= George Dews =

English cricketer and footballer

George Dews (5 June 1921 – 29 January 2003) was an English first-class cricketer and footballer. As a cricketer, he was a right-handed batsman who played for Worcestershire between 1946 and 1961. He was also an excellent fielder: his 353 catches for the county were a record at the time. As a footballer, he made nearly 300 Football League appearances for Middlesbrough, Plymouth Argyle and Walsall, scoring 85 goals.

Born in Ossett, Yorkshire, Dews was unable to play for his native county and so travelled south. He made his Worcestershire debut on 29 May 1946 against Lancashire, but was out for a king pair, being dismissed in each innings by slow left-armer Eric Price. He was also out for a duck in his third innings, against Warwickshire, and despite a long run in the team in 1948, it was not until 1950 that he really came good.

That year he broke the 1,000-run barrier for the first time, a feat he would repeat in all but one year (1952) for the rest of his first-class career. His 1,170 runs came at 29.25, and included his maiden century: 101 not out against Hampshire. 1950 also saw Dews receive his county cap. The following summer, he was part of an astonishing run-chase against Nottinghamshire, when Worcestershire successfully chased a target of 131 in forty minutes.

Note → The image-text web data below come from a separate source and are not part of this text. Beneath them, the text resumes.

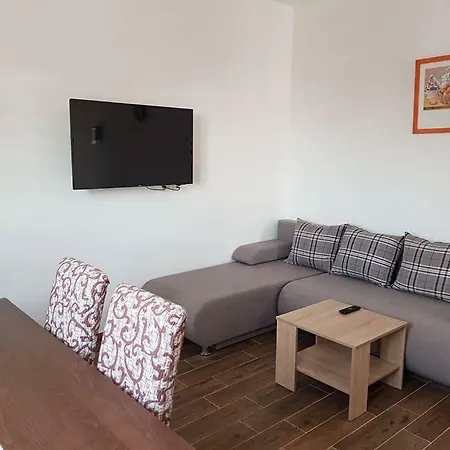 Dada Starigrad Paklenica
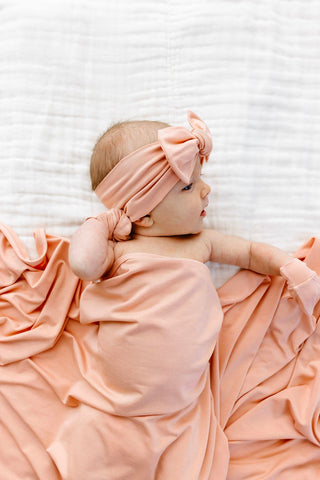 Lou Lou and Company Newborn Headband Bundle - Abby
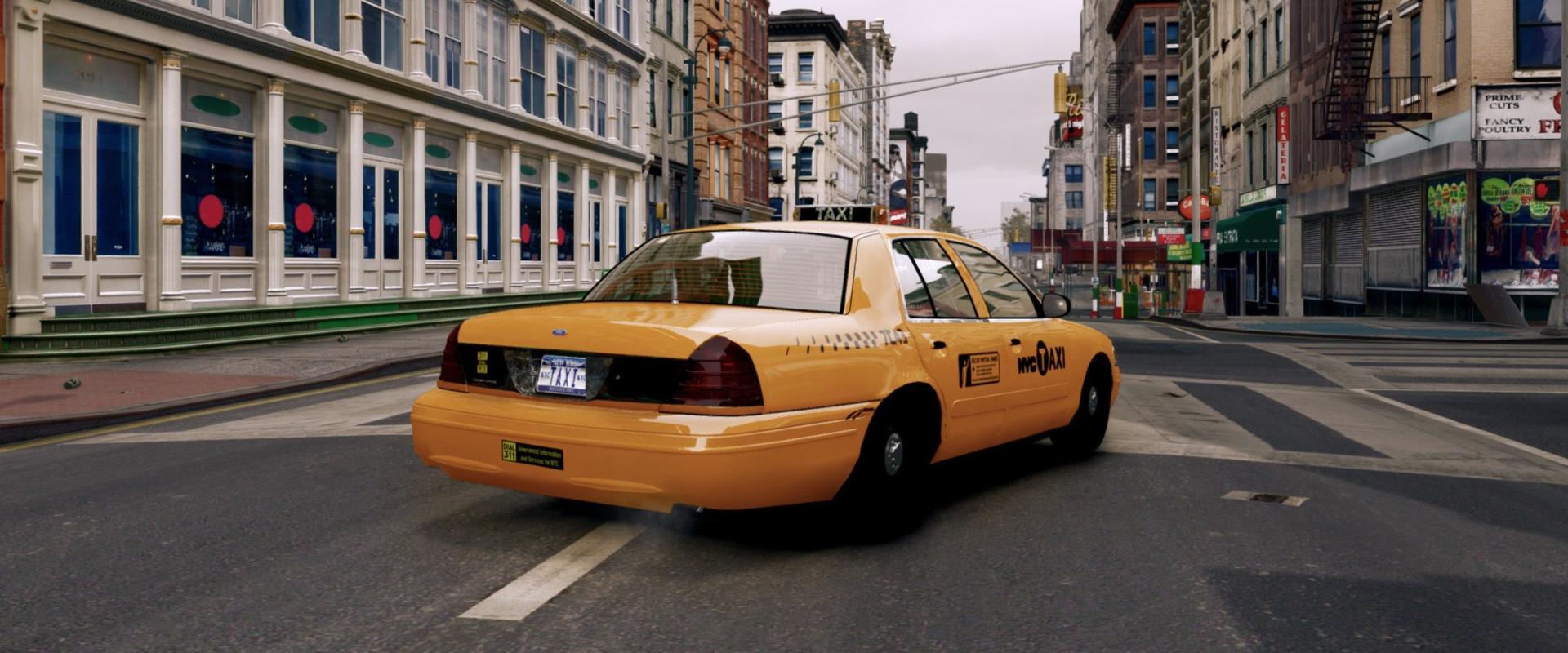 Telepítheted az RTX Remix modot, amitől jelentősen megszépül a GTA 4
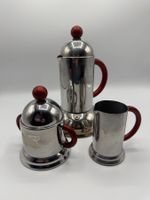 Kaffeekocher Mokka Dose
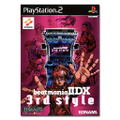 beatmania IIDX 3rd Style thumbnail 1
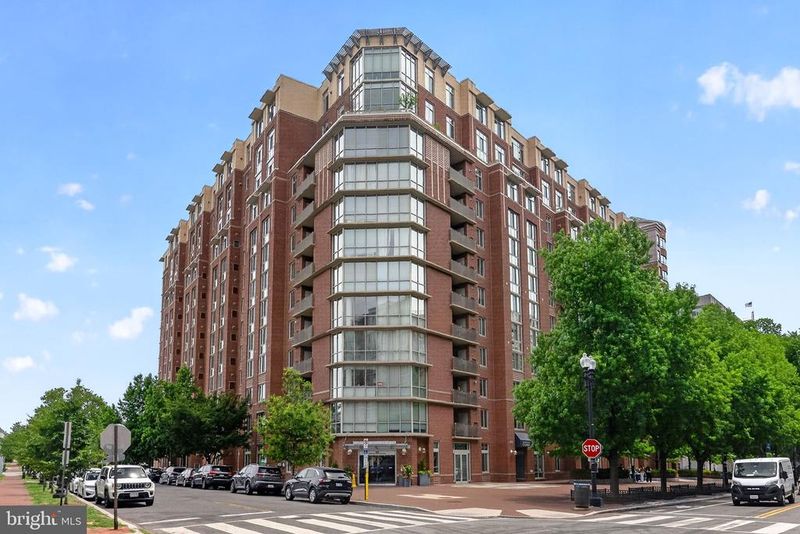 1000 New Jersey Ave SE #1109, Washington, DC 20003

Dews maintained his consistent form into his late thirties: indeed, his most successful year was 1959, when he managed 1,752 runs at 41.71 in all first-class cricket, and was second only to Martin Horton in the Worcestershire batting averages. He was never picked for England, but did appear for Marylebone Cricket Club (MCC) in 1954, and for North of England four years later. He was granted a benefit season in 1960, and his final first-class game in September 1961 was for Worcestershire against Sussex; he made 26 and 34.

His bowling was of the strictly occasional variety, but he did claim two first-class wickets, both in 1954, including that of Derbyshire captain Guy Willatt.

After retirement Dews went into business and played golf to a good standard. He died at the age of 81 in Dudley, West Midlands.